In the end it seems that right now different solutions are suitable for different scenarios:
- fanotify: sounds like the best approach, but we have to wait until its there.
- intofiy if the machine is very rarely restarted, and startup time does not matter. And memory consumption neither
- samba audit vfs: when startup time is relevant, and at the same time it can be ensured that all file access goes through samba only
- python-fuse: When startup time is crucial, and only one user accesses the directories (maybe this can be fixed?)
Update December 6th, 2012
Having spent some more time on this issue, I found the following:
- On Ubuntu 12.04 fanotify works.
- There is at least one python binding that seems to work: https://bitbucket.org/mjs0/pyfanotify
- Looking at forum entry it is confirmed - fanotify does not monitor deletes. I will never know when files are removed from the filesystem, so no way to remove them from e.g. my fulltext search engine. This bug entry seems to confirm this.
- Which would lead back to inotify, which still takes a long time to setup for recursive directory setup
- Or back to use fuse to write a virtual filesystem (layer), which would notify me of all changes. A nice python binding is fusepy. This works, but is somewhat slow (at least in python)
So, the choice is either long setup time but no big perfomance impact by using inotify, or very short setup time, but a performance hit. Great.
Research
inotify
This seems to be the standard in modern kernels. One needs to add watches for all files, and then gets notified. Problems seem to be the number of watches - its at least one watch per directory. If the system restarts, the watches need to be set again, and a stat is done on each of the dirs. Takes a rather long time.
dnotify
The antecessor of inotify. Seemed to have the issue of blocking filesystems.
fam
http://oss.sgi.com/projects/fam/
http://oss.sgi.com/projects/fam/news.html
File alteration monitor - doesn't seem to be in use any more
Fanotify
http://lwn.net/Articles/339253/
"fanotify, built on top of fsnotify, is supposed to replace intofiy which replaced dnotify".
"fanotify has two basic 'modes' directed and global. fanotify directed works much like inotify in that userspace marks inodes it is interested in and gets events from those inodes. fanotify global instead indicates that it wants everything on the system and then individually marks inodes that it doesn't care about."
This is very much exactly what I would want to use, only its not there yet.
tripwire
Used for security audits to see if files have changed. This is more part of intrusion detection than a file system change monitor. Needs to be run regulary to scan the filesystem.
samba vfs audit
http://www.samba.org/samba/docs/man/Samba-HOWTO-Collection/VFS.html#id2650781
A module for the samba server. Can be configured (it seems) to monitor use and change of files.
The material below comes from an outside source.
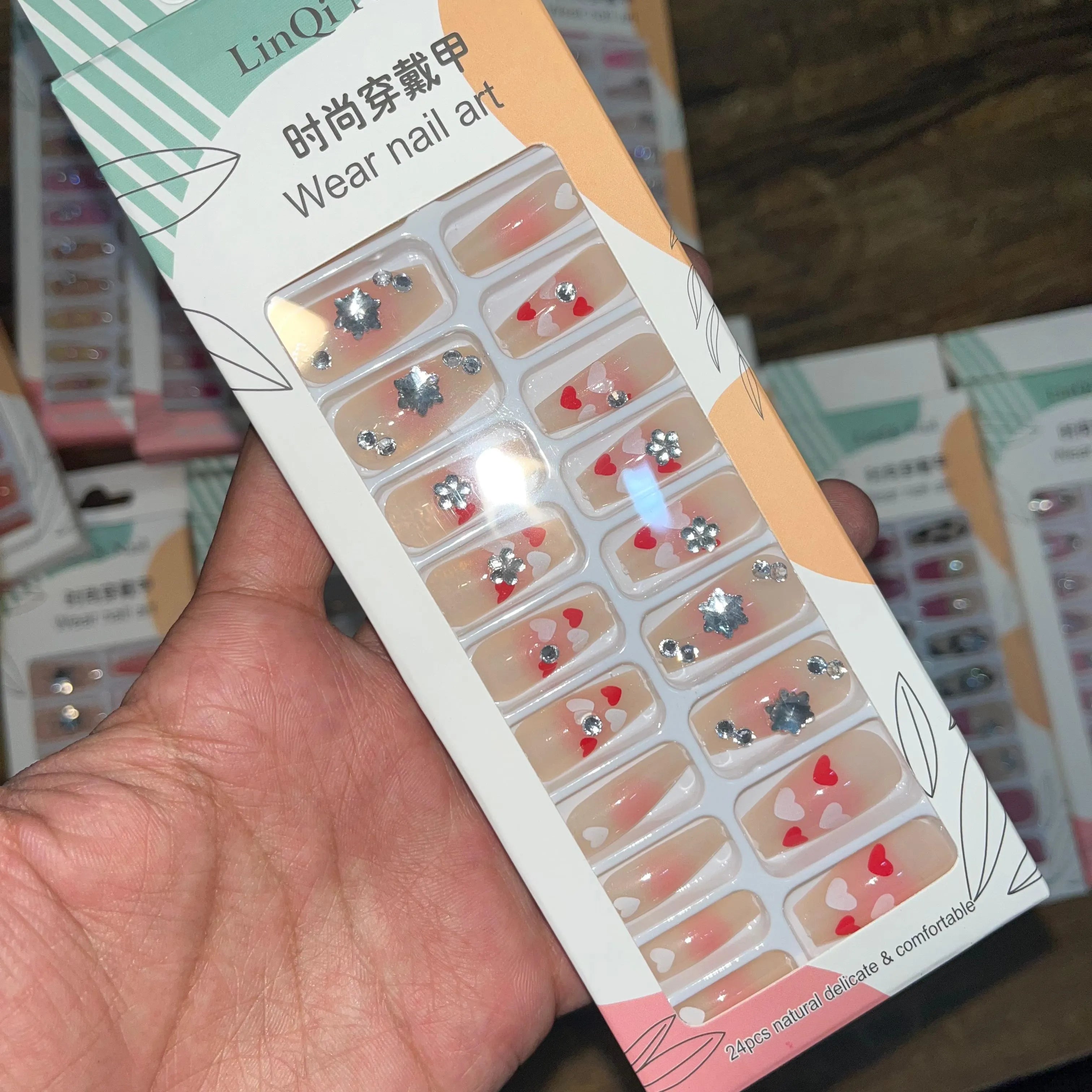 Linqi Artifical Nails With Free Stickers (24Pcs)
Requires access to files through samba, of course.
Systemtap
http://sourceware.org/systemtap/
Could be a nice approach, but I haven't managed to write a script that handles the case where files are changed without full path, e.g. 'touch foobar' instead of '/home/joerg/tmp/foobar'. So far I only got notified of a 'foobar' being accessed, but which one?
Python-fuse
https://sourceforge.net/apps/mediawiki/fuse/index.php?title=Main_Page
The idea is to put a small layer on top of the real filesystem. Something along the line of: http://esteve.tizos.net/archives/searchable-filesystem-with-fuse-python/. I modified his script a bit, so that it does not do any indexing, but logs to a file: my proof of concept
llfuse (python)
(update April 8th, 2011)
http://code.google.com/p/python-llfuse/
This seems to be a better fuse binding which actually supports proper release calls. Which means we could act upon having written the file.
There is a ubuntu .deb at:
http://ppa.launchpad.net/nikratio/s3ql/ubuntu/pool/main/p/python-llfuse/
Research links
- http://www.little-idiot.de/linuxsolutionguide/notify.htm
- An older german page, points to changedfiles
- http://www.bangstate.com/changedfiles/
- Exactly what I would need, but needs a 2.4 kernel
- http://www.linux.com/archive/feature/150200
- http://projects.l3ib.org/trac/fsniper
- Fsniper allows watching directories / files
- http://www.pubbs.net/kernel/200905/109416/
- Links to fsnotify/fanotify. From what I see that would be exactly whats needed, but it does not seem to be there (yet).
- http://esteve.tizos.net/archives/searchable-filesystem-with-fuse-python/
- python-fuse driven filesystem with hook to indexing. Maybe a good starting point?